Cambiare

Mi sembra una sorta di mancanza di igiene, questa inerte permanenza della mia vita uguale e identica nella quale giaccio, rimasta come polvere o sporcizia sulla superficie del non cambiare mai. Così come laviamo il nostro corpo dovremmo lavare il destino, cambiare vita come cambiamo biancheria: non per provvedere al sostentamento della nostra vita, come col cibo o col sonno, ma per quell’estraneo rispetto per noi stessi che giustamente si chiama pulizia. C’è gente per la quale la mancanza di pulizia non è una disposizione della volontà ma un’alzata di spalle dell’intelligenza. E ci sono anche persone per le quali lo squallore e l’uniformità della vita non sono una forma di volontà o un naturale adeguamento a ciò che non volevano, ma una cancellazione della comprensione di se stessi, un’ironia automatica della conoscenza. Ci sono persone sporche che detestano la loro sporcizia ma non se ne allontanano per quell’attrazione dell’abisso grazie al quale chi è terrorizzato non si allontana dal pericolo. Esistono persone sporche di destino, come me, che non si allontanano dalla trivialità quotidiana per il medesimo fascino che provano per la propria impotenza.

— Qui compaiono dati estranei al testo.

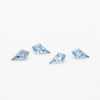 5x3 to 7x5mm Light Blue Montana Sapphire Kites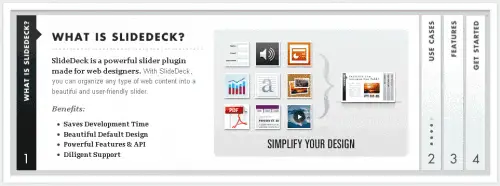 [Webdesign] SlideDeck, un plugin jQuery / WordPress pour créer des slideshows originaux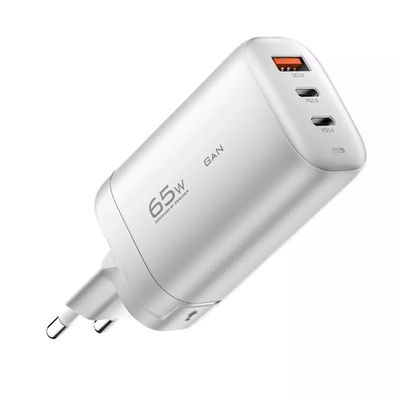 65W GaN 3 포트 USB 타입-c 여행 어댑터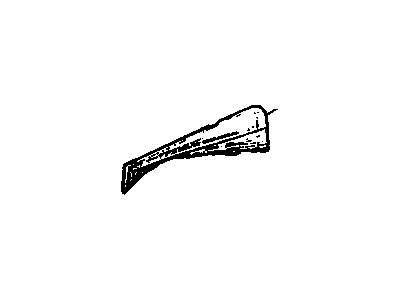 25892571 GM Brace, Fender Wheelhouse Illustration 1 of 1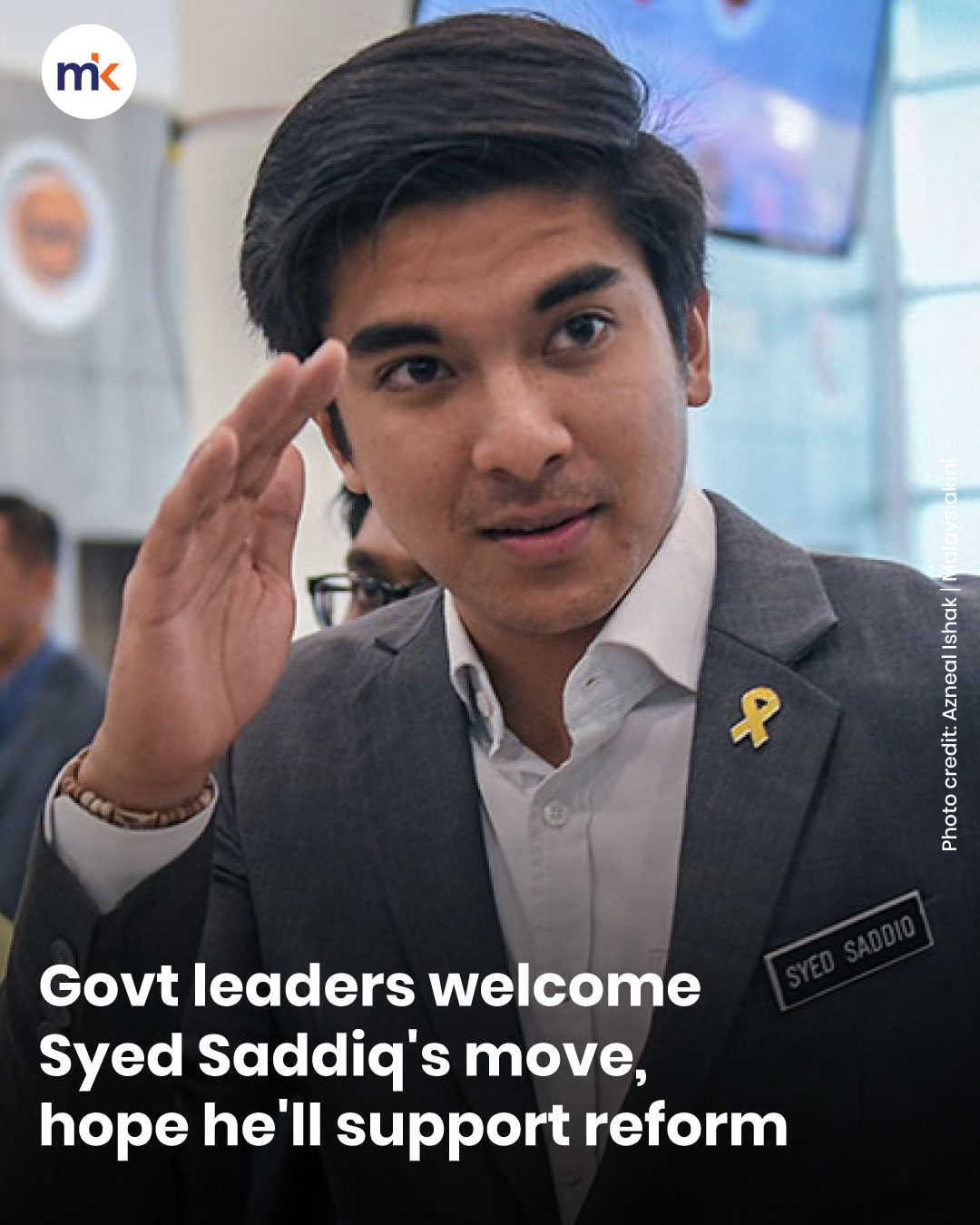 Govt leaders welcome Syed Saddiq's move, hope he'll support reform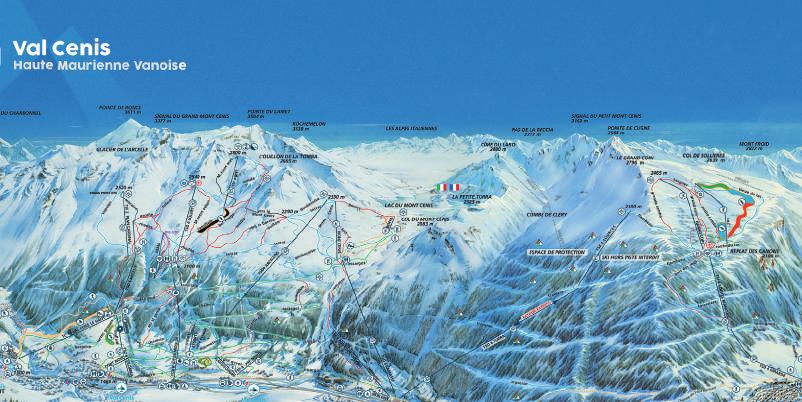 VALFRÉJUS/LA NORMA Valfréjus La Norma 6.590 Kč VAL CENIS 1.3502.3 m n. m. NOVINKA 8.
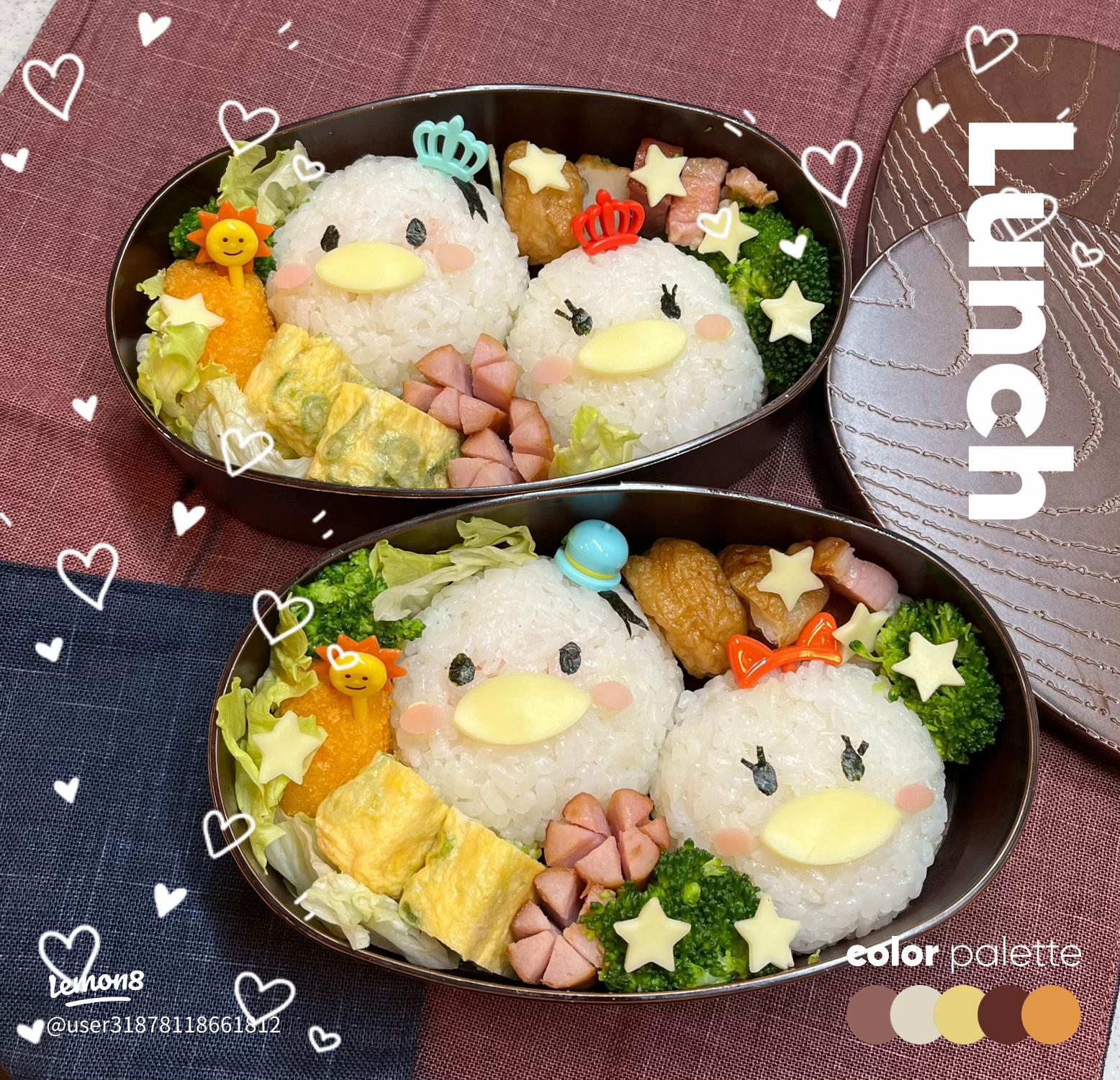 簡単かわいいお弁当は, @yoyo_kodomo_obento , 東京ディズニーランドでは, ドナパルが大人気!,フォロワーさんにディズニー好きが, 多いことが判明したので, 今日はドナルド弁当です🥰, ツムツムバージョンにして, 簡単に作ってみました!,ポイントは帽子のリボン!, 黒いリボンを付けることで一気に, ドナルド感がでます💖, 簡単なので是非作ってみてくださいね!,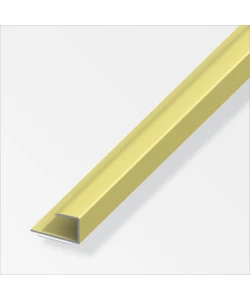 PROFILO PER BORDI 15x14 ALLUMINIO OTTONATO - 1 METRO.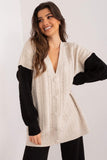 Elegant Unbuttoned Sweater with Heart Neckline & Long Sleeves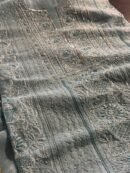 Powder Blue Linen silk Chikankari With Ari Work Unstitched Kurta Dupatta Set Copy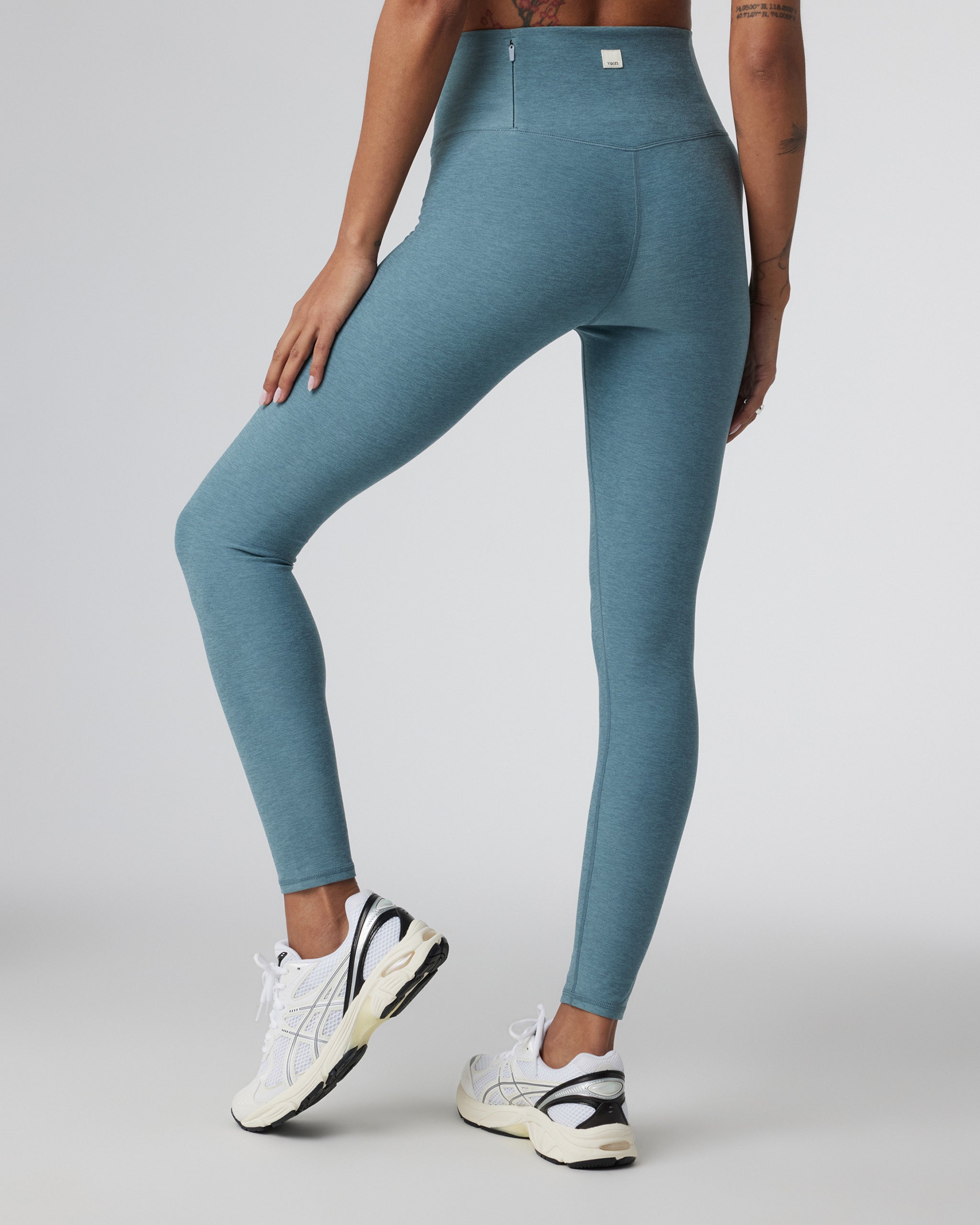 Clean Elevation Legging | Smoke Blue Heather - Image 3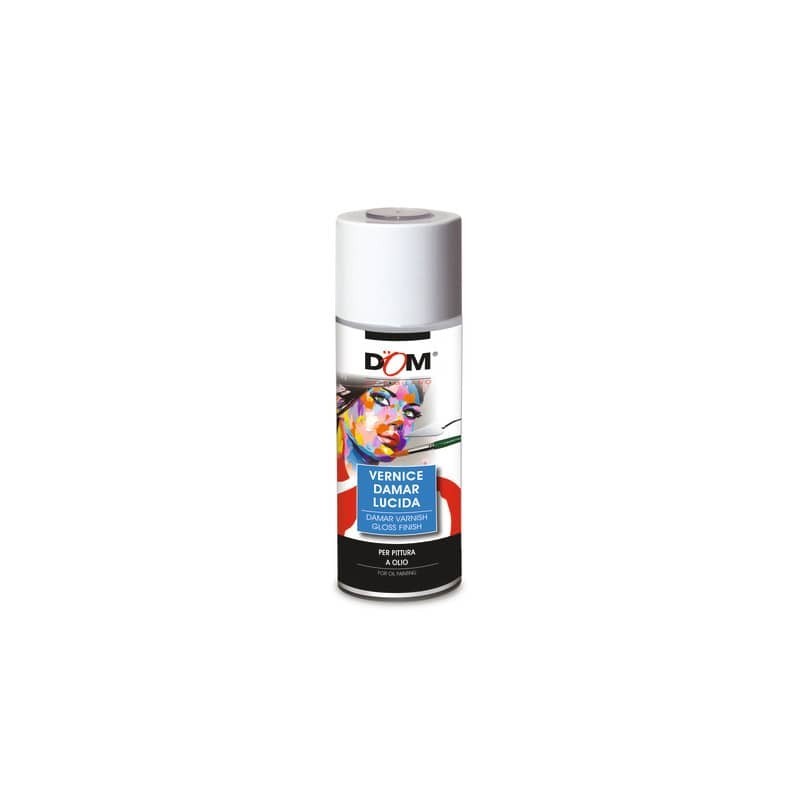 Vernice fissativa Damar DOM per pittura a olio - effetto lucido - 400 ml - 626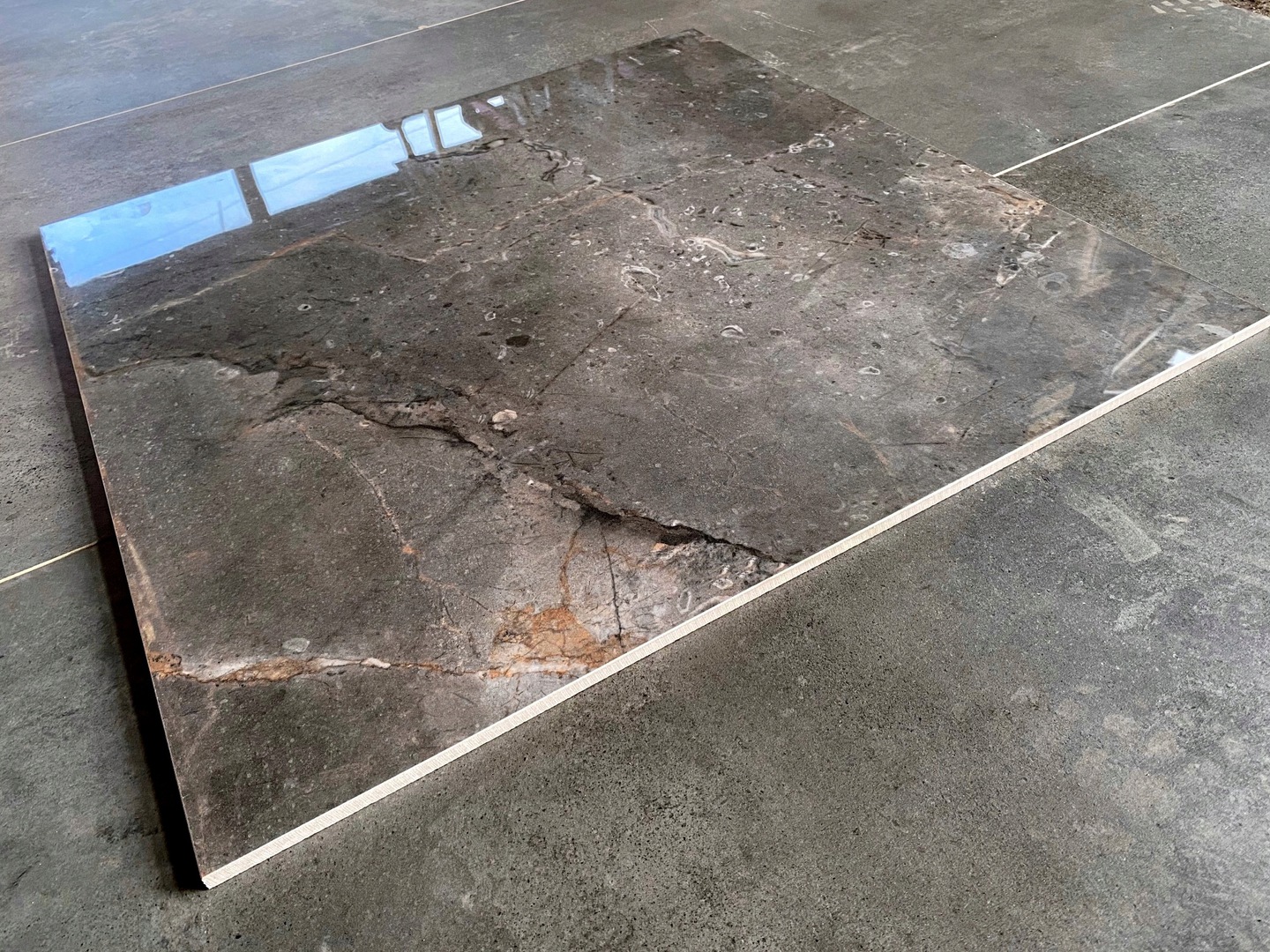 Gres polerowany MARMUR szary/grafit 60x60 POŁYSK!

Sono uccelli ammaliati dall’assenza di un serpente; mosche che volano cieche sui rami fino ad arrivare alla portata della lingua vischiosa del camaleonte. Così porto a spasso lentamente la mia consapevole inconsapevolezza sul mio ramo d’albero dell’abitudine. Così porto a spasso il mio destino che avanza senza che io avanzi; e il mio tempo che procede senza che io proceda. E niente mi salva dalla monotonia, se non questi brevi commenti che tesso intorno a lei.